International migration : Part – I
(Dr Ishtiaq Ahmed)
Throughout history and in fact from the time of the human race, the homo sapiens, people have been moving from one place to another, crossing one region to another, surmounting the challenges of seas and oceans, ice, wind and desert. Therefore migration a well as international migration has been an ongoing process.
I have contributed four major research articles for books and peer-reviewed journals based on my research on international migration. In the light of what I wrote let me develop further my argument. In this article we look at international migration from the 15th century onward which has taken place in the background of states and empires.

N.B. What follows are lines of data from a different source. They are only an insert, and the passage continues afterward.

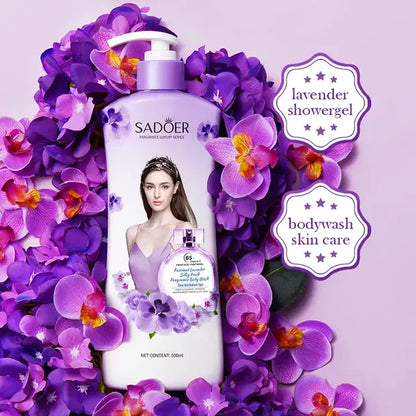 Sadoer Lavender Silky Freshen Fragrance Luxury Body Wash 500ml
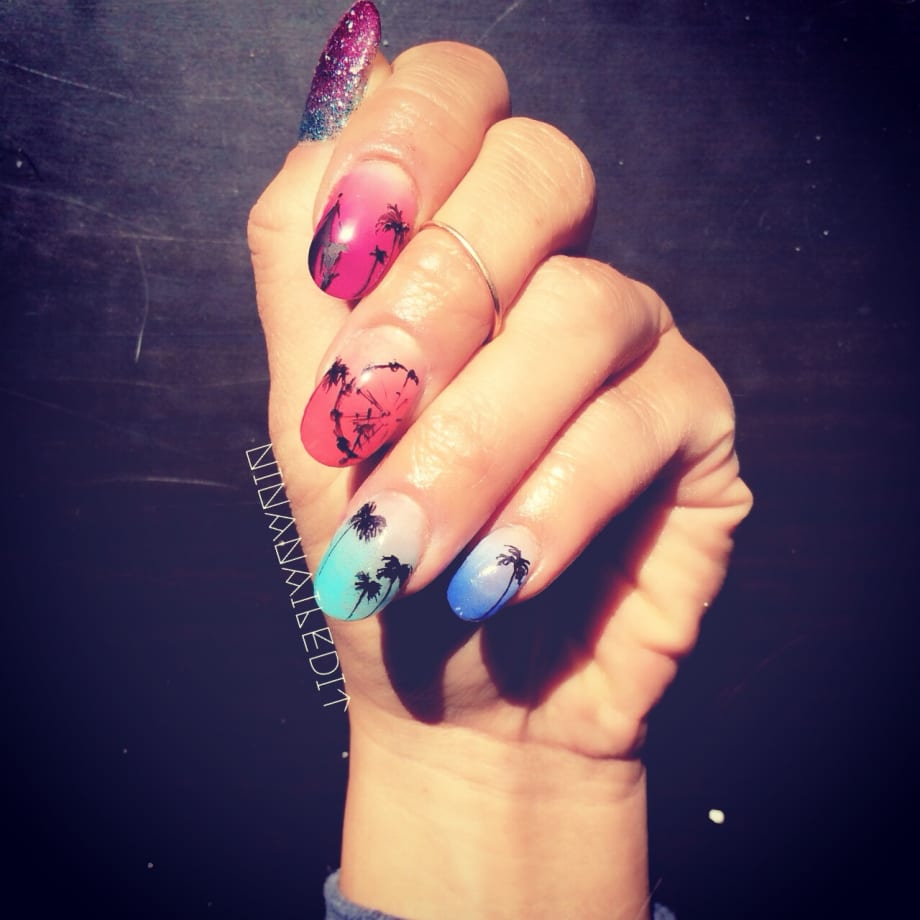 Music Festival Nail Art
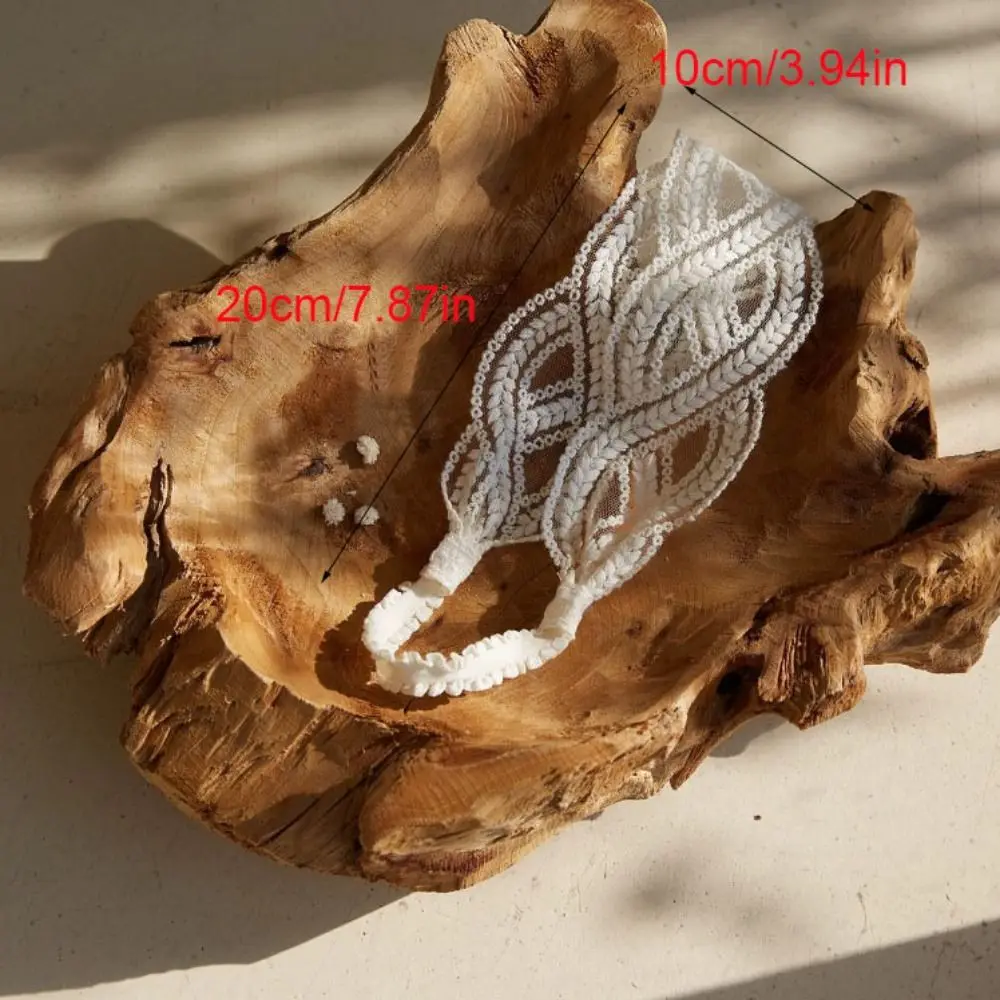 Sweet Wave Lace Baby Headband Flower Embroidered Infant Hairband Korean Style Hair Accessories Elastic Hair Hoop Princess Girls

Let me begin with drawing attention to a harsh fact about the West. European Empires from the 15th century onward began the conquest of the Americas and brought it under their control by the force of arms. That phase was the bloodiest and it nearly wiped out the native populations of North and South America. Millions of Europeans migrated to the Americas. From the 17th century onward the Western powers turned their attention to Asia and Africa. Empires were acquired from the 18th century onward and the 19th century was the high point of European empires.
In Asia and Africa the local populations were defeated and dominated, but they survived in large numbers, while the imperialists were always small in numbers, except in Australia and New Zealand.
European imperialism was preceded by Arab, Roman, Macedonian and Persian inter-continental empires. The European empires were the last of the great expeditions to control the world and determine its functioning in accordance with the will and interest of the conquerors.
Several centuries of domination had been achieved by the force of arms but during those centuries the West itself transformed through the Renaissance, the scientific and industrial revolutions and the rationalist and scientific thought of the Enlightenment. From feudal type societies Western societies became modern industrial societies (I mean, Western Europe, while in central and particularly eastern Europe the pace of change was slow and feeble.)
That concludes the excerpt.